Erigée en symbole, la sphère propagandiste du Kremlin le répète à qui veut bien l’entendre, la Crimée est Russe, et elle l’a toujours été !

Pas si simple..

Le but de l’article néanmoins ne sera pas de vous compter l’origine de la Crimée mais de comprendre son rapport avec l’Empire Russe et l’Ukraine.

Il semble toutefois inévitable de rappeler quelques faits historiques notables à son sujet pour donner un contexte et en quelque sorte tracer une ligne de départ pour répondre à la question « A qui appartient la Crimée ? »

Mais rappelons d’abord ce qu’est la Crimée ?

La Crimée est une péninsule de 27’000km2 directement reliée au Sud de l’Ukraine par l’isthme de Perekop, elle s’avance vers la Mer Noire qu’elle sépare de la Mer d’Azov.

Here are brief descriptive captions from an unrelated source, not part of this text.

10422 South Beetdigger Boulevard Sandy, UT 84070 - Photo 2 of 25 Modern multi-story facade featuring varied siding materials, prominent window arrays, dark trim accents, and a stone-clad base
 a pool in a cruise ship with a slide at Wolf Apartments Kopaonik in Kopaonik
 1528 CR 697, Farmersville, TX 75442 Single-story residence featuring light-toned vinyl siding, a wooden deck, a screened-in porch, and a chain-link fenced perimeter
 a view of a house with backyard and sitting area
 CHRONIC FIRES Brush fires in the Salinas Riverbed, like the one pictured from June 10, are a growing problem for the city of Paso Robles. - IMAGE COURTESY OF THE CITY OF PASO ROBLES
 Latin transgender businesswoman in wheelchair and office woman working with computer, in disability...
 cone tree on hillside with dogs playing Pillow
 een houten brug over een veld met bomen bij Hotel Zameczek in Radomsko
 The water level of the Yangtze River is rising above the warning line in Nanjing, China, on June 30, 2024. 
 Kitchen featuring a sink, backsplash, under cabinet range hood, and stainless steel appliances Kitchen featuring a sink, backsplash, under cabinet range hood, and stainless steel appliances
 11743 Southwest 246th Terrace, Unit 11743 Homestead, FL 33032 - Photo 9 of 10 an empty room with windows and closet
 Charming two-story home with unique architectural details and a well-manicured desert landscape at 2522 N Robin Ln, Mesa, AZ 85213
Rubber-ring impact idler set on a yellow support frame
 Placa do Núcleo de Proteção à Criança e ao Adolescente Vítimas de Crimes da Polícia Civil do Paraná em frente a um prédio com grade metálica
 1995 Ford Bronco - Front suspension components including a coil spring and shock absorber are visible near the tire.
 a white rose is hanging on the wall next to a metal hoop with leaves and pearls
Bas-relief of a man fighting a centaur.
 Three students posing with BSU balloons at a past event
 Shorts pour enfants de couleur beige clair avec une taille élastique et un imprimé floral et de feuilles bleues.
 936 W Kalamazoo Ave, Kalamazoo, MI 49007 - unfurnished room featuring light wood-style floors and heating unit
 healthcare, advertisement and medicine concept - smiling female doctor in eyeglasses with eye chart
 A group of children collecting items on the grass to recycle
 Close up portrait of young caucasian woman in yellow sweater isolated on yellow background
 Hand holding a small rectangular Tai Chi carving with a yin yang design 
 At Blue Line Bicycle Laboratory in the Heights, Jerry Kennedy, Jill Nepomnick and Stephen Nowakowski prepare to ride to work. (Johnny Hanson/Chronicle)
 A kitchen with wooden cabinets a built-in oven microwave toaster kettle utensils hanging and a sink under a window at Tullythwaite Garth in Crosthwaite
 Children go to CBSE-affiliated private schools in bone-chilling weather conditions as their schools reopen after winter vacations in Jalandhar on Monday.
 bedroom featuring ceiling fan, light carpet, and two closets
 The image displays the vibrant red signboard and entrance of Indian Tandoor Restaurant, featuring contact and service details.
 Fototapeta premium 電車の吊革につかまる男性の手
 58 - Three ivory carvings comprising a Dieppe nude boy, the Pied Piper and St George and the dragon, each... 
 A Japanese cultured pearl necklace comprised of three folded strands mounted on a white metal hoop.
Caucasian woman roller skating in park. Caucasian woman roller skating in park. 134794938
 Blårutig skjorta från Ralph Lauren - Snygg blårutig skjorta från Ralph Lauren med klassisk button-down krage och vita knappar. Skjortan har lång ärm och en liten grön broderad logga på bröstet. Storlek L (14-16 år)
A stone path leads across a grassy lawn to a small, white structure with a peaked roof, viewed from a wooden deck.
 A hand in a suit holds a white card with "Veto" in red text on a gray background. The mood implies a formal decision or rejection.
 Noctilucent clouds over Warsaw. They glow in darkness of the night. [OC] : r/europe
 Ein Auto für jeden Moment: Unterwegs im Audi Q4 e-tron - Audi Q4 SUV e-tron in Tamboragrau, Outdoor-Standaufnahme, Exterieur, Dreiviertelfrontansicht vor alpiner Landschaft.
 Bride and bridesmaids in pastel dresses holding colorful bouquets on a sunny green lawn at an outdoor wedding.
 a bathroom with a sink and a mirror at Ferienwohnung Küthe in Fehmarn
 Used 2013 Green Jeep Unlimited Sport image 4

Elle est réputée entre autres pour son climat et ses stations balnéaires.

Elle a accueilli la célèbre conférence de Yalta en 1945 qui devait préciser les termes du partage de l’Europe entre les dirigeants alliés , Churchill, Roosevelt et Staline.

Sa capitale est Simféropol.

Lors du recensement de 2001, sa population comptait ~2M d’habitants, en 2014 (sous occupation russe), ~2.3M d’habitants.

Histoire (courte) de la Crimée : Avant l’Empire Russe

La Crimée Antique portait le nom « Chersonèse taurique », du nom d’un peuple antique, les Taures, qui étaient installés sur la côte méridionale de la péninsule de Crimée.

Puis elle a été occupée par diverses ethnies à travers les époques.

Les Cimmériens, les Scythes, les Romains, les Goths, les Grecs, les Huns, puis les Bulgares, le peuple Khazars, les Pétchénègues, les Slaves, les Mongols, les Coumans, les Russes, les Ottomans, etc.

La Crimée a donc successivement appartenu à différentes civilisations pendant au moins 10 siècles.

On peut donc déjà réfuter l’idée émise par la propagande russe que la Crimée a toujours appartenue à la Russie..

Mais, ne nous arrêtons pas en si bon chemin et poursuivons pour comprendre son rattachement à l’Empire Russe en 1783 puis en 1954 à la République Socialiste Soviétique d’Ukraine.

Pour cela il faut faire un petit retour en arrière, après l’invasion Mongols des troupes de Gengis Khan et la peste noire de 1347-1352 qui fera des millions de morts un peu partout et la Crimée n’y échappera pas.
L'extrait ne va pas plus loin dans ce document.